SAT Subject Tests are scored in two steps:

  • The raw score is established
  • The raw score is converted to the College Board 200- to 800-point scaled score

Establishing the raw score

All questions on Subject Tests are multiple choice. To establish the raw score:

  • One point is added for each correct answer.
  • A fraction of a point is subtracted for wrong answers:
    • 1/4 point is subtracted for five-choice questions.
    • 1/3 point is subtracted for four-choice questions.
    • 1/2 point is subtracted for three-choice questions.
  • No points are deducted for unanswered questions.
  • The total points answered incorrectly are subtracted from the number answered correctly.
  • If the resulting score is a fraction, it is rounded to the nearest whole numberó1/2 or more is rounded up; less than 1/2 is rounded down.

Converting the raw score to the scaled score

The raw score is converted to the College Board 200- to 800-point scaled score by a statistical process called equating.

Equating adjusts for slight differences in difficulty between test editions and ensures that:

  • A student's score does not depend on the specific test edition she took.
  • A student's score does not depend on how well others did on the same edition of the test.
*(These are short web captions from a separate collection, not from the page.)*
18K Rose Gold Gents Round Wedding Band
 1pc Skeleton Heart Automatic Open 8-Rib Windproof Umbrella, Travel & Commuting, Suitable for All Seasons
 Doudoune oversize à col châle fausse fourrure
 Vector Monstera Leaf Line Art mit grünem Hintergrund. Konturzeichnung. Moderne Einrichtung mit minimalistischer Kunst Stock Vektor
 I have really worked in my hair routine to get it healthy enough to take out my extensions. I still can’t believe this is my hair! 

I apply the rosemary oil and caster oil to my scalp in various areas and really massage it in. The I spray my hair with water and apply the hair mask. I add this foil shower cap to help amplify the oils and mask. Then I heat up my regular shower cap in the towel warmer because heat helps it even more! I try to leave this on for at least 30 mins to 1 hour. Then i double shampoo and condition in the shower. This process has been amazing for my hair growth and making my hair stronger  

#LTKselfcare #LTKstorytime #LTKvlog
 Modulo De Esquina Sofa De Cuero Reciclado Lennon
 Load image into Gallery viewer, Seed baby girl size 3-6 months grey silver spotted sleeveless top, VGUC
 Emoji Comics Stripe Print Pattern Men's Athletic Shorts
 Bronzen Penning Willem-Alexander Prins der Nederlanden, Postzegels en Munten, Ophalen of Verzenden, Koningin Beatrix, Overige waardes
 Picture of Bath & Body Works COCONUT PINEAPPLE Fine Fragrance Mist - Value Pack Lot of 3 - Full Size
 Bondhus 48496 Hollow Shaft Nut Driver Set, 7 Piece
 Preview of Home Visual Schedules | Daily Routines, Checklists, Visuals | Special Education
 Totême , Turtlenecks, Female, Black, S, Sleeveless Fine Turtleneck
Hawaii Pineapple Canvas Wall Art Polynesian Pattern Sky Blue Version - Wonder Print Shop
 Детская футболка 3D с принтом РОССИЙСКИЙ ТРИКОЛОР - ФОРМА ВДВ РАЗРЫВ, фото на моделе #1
The scaled score is reported to colleges. Total test scores for all Subject Tests are reported on the College Board 200- to 800-point scale.

When do I get the result

You can view your score report online between 15 to 20 days after you took the test. Your official score report will be provided to you and your high school, if you included the code, about five weeks after the test. Students who register online and wish to receive a paper score report by mail in addition to the online score report must request it when they register. Students who register by mail and who do not have active College Board online accounts will continue to receive paper score reports.

How long after the test can I use my scores?

SAT scores are valid for five years after the testing year in which you tested.